## What this task involves
Which of the lines below include "wooden"? Each one should be copied out.

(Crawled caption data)
· · · · ·
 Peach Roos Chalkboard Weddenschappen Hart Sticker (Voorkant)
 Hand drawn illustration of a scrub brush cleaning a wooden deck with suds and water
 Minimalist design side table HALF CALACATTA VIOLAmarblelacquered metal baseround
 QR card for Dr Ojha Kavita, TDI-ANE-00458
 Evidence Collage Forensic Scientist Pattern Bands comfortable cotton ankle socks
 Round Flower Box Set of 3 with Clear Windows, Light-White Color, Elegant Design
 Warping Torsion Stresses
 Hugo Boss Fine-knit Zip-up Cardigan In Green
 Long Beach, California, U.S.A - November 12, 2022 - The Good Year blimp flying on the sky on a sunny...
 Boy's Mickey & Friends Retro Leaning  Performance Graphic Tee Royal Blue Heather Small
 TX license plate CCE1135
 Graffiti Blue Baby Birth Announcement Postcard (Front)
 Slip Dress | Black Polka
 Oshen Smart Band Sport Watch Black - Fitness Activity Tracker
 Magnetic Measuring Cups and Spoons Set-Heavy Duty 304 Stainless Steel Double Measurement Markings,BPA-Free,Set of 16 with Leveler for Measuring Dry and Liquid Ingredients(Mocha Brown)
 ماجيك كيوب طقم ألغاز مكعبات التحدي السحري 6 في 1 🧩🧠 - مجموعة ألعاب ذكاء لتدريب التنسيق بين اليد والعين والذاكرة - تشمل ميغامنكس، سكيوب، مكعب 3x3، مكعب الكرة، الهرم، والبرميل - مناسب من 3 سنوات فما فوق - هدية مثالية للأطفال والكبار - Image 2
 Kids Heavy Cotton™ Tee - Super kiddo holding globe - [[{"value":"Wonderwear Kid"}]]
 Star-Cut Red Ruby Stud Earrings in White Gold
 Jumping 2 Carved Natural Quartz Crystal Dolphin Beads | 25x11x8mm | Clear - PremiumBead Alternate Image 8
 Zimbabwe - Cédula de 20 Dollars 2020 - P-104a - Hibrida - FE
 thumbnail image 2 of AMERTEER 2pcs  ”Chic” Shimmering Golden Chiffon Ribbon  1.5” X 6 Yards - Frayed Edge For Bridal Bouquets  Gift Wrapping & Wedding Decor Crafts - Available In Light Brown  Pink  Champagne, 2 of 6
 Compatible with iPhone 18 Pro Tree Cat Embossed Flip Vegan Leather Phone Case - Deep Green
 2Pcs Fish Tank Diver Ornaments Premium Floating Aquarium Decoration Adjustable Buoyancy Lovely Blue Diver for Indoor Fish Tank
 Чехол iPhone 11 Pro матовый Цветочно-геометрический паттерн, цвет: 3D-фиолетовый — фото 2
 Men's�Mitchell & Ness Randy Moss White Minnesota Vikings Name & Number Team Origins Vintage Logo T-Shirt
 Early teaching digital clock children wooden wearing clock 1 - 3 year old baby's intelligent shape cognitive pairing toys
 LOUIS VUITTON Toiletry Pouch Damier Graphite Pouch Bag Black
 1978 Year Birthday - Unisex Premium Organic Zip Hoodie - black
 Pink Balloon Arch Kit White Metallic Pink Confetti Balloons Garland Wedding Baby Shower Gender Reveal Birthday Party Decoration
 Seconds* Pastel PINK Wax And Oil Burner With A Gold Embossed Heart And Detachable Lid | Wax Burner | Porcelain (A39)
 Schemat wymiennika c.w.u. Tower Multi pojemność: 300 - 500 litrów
· · · · ·
## Written response
 Hand drawn illustration of a scrub brush cleaning a wooden deck with suds and water
 Early teaching digital clock children wooden wearing clock 1 - 3 year old baby's intelligent shape cognitive pairing toys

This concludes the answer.